◆ **TASK DIRECTIONS**: Every record must be given again word for word; no picture belongs in the copy.

Extracted data entries:
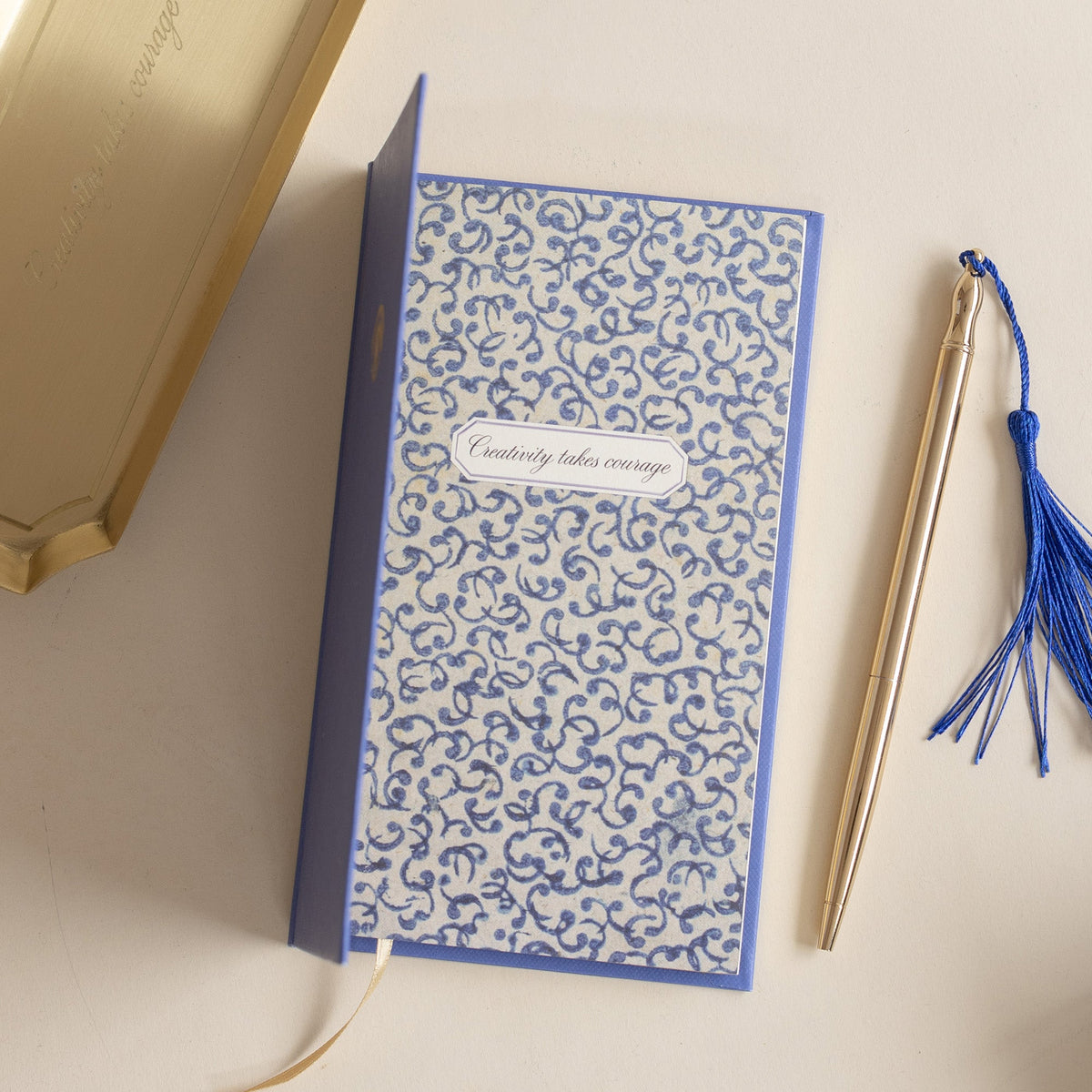 Roomytown Slim Lined Notebook with blue and white swirl pattern, &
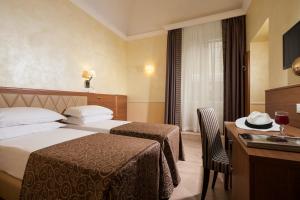 a hotel room with two beds and a desk at Hotel Kennedy in Rome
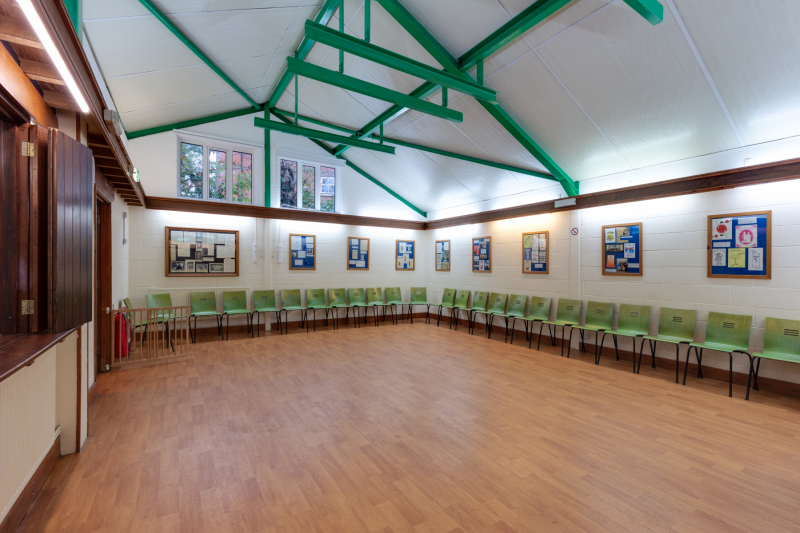 Gainsford Room at Woodside Hall, with kitchen serving hatch on one side and chairs along two edges of the walls.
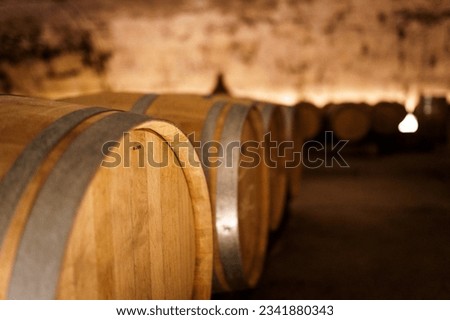 Big old oak barrels in a winecellar in  saint emilion, bordeaux, france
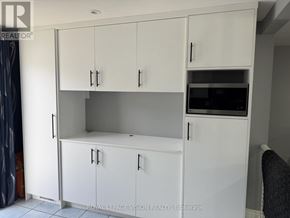 Barrie (Grove East) apartment for rent - A white cabinet with a microwave built into it.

◆ **OUTPUT**:
 Roomytown Slim Lined Notebook with blue and white swirl pattern, &
 a hotel room with two beds and a desk at Hotel Kennedy in Rome
 Gainsford Room at Woodside Hall, with kitchen serving hatch on one side and chairs along two edges of the walls.
 Big old oak barrels in a winecellar in  saint emilion, bordeaux, france
 Barrie (Grove East) apartment for rent - A white cabinet with a microwave built into it.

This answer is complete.